Langzamerhand werd het hun, mede door het stelsel van recognitiën
(betalingen aan de overheid), mogelijk gemaakt in aparte, voor dit doel
gestichte kerkgebouwen bijeen te komen. Dit gebeurde in de onderscheidene
gewesten in een verschillend tempo en ten opzichte van de verschillende
gediscrimineerde confessies niet gelijktijdig; het langst moesten de rooms-katholieken
wachten.
Zo ontstonden in de steden schuilkerken in eigenlijke zin: van buiten
onopvallende gebouwen zonder toren of klok en afgelegen van de openbare
weg, inwendig echter volkomen kerk.
Op het platteland bouwde men zgn. schuurkerken, uiterlijk niet van gewone
schuren te onderscheiden.
De schuilkerken zijn merendeels in de eerste helft van de 19e eeuw afgebroken."
Hoorn
In 1618 kwam prins Maurits met een leger naar Hoorn.
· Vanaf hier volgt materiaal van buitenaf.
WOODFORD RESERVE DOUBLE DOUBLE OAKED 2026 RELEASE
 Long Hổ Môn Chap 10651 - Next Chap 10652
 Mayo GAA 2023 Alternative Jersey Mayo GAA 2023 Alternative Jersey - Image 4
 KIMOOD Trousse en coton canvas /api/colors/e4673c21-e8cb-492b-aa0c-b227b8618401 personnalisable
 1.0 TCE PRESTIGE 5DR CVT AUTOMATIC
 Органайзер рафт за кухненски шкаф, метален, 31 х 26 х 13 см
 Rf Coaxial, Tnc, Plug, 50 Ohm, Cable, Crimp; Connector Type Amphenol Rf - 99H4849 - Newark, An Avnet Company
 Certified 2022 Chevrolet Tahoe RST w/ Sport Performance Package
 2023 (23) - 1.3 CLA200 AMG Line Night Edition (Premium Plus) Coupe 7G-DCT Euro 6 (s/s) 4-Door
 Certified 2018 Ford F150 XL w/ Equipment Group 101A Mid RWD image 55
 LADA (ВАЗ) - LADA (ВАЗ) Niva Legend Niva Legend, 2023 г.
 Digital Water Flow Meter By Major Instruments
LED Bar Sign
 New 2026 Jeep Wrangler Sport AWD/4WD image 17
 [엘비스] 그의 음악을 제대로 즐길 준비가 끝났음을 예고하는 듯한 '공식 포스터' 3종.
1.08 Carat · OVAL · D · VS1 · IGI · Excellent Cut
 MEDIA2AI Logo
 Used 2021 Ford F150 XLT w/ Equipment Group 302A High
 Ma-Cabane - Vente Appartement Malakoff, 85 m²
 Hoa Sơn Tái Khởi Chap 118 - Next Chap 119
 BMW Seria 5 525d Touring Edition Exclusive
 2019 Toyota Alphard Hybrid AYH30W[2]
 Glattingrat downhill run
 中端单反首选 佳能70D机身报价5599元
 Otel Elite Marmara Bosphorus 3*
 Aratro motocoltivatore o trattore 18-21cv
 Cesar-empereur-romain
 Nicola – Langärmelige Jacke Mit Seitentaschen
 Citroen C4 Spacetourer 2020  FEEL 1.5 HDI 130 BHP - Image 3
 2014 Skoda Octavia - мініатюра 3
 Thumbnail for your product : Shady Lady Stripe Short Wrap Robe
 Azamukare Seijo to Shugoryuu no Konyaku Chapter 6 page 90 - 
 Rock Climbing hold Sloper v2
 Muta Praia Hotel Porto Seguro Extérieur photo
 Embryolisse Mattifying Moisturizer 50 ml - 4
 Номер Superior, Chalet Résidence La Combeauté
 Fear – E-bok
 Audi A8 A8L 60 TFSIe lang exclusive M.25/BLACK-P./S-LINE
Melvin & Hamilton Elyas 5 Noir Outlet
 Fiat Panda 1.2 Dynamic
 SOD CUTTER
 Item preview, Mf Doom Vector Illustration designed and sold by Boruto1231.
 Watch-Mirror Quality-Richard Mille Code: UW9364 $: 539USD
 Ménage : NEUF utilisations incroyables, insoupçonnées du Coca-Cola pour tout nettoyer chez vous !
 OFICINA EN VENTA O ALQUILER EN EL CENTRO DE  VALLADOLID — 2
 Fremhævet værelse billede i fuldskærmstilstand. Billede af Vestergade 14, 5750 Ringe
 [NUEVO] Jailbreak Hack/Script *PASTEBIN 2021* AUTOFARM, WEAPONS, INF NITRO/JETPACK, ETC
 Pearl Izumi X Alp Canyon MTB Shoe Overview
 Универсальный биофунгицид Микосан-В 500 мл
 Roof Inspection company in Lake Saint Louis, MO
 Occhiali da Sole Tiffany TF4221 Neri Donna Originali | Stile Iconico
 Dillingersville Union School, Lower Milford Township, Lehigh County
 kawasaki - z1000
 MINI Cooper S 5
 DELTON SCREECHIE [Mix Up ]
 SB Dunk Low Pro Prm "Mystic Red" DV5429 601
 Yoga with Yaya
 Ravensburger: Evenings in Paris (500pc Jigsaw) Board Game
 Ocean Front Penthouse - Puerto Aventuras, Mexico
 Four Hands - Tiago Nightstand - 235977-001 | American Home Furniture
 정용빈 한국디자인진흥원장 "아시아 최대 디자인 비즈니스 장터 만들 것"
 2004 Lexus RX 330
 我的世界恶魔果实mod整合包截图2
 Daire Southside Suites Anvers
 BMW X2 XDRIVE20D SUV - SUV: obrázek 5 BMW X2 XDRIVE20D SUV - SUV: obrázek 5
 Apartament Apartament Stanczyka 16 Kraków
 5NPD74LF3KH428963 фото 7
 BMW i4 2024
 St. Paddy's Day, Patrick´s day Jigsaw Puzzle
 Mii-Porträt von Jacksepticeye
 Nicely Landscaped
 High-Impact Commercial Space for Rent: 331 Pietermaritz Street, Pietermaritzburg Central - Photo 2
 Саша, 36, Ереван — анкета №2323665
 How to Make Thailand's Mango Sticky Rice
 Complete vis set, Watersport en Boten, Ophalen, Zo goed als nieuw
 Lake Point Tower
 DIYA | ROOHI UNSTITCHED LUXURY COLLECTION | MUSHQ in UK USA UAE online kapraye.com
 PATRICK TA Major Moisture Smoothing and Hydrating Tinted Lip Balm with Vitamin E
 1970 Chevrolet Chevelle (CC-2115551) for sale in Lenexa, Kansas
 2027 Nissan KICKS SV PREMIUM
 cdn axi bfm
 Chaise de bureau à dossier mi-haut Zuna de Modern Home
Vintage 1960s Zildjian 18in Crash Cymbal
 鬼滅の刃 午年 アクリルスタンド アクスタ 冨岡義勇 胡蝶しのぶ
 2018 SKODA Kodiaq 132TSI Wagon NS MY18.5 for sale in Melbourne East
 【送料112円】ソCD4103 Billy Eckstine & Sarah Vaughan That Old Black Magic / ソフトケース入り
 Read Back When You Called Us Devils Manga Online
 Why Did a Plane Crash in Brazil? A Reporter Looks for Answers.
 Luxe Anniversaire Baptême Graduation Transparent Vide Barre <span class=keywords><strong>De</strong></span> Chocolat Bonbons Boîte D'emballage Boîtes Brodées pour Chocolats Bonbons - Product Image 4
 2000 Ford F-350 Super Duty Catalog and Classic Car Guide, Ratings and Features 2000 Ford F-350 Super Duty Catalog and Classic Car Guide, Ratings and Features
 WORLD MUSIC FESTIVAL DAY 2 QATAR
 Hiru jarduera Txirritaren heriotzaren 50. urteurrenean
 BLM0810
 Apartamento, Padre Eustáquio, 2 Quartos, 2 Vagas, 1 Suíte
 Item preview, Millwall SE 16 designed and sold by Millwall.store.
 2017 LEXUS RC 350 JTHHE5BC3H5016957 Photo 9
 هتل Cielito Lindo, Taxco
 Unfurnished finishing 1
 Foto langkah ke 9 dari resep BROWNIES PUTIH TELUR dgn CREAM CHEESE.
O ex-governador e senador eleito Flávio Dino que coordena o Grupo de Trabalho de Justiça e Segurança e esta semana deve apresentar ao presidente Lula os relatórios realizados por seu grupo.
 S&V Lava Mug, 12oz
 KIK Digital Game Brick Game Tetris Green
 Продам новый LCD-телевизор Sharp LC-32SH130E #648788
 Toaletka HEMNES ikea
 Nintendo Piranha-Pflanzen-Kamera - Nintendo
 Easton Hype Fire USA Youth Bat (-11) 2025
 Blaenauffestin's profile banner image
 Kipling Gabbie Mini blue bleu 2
Hij zette op een
enkeling na, de gehele vroedschap af en verving deze door een Vroedschap
die zijn opvattingen inzake geloof en politiek aanhing.
In Hoorn beschikten de Katholieken in de 17e en 18e eeuw over vijf schuilkerken.
Ook de niet katholieke groeperingen, die zich niet konden verenigen met
het Calvinisme waren genoopt zich terug te trekken in nauwelijks gedoogde
schuilkerken.
Deze kerken waren bijna alle in de omgeving van de Ramen gesitueerd.
Zo waren er schuilkerken voor Arminianen, Contra-remonstranten, Doopsgezinden,
Lutheranen en Menisten of Mennonieten.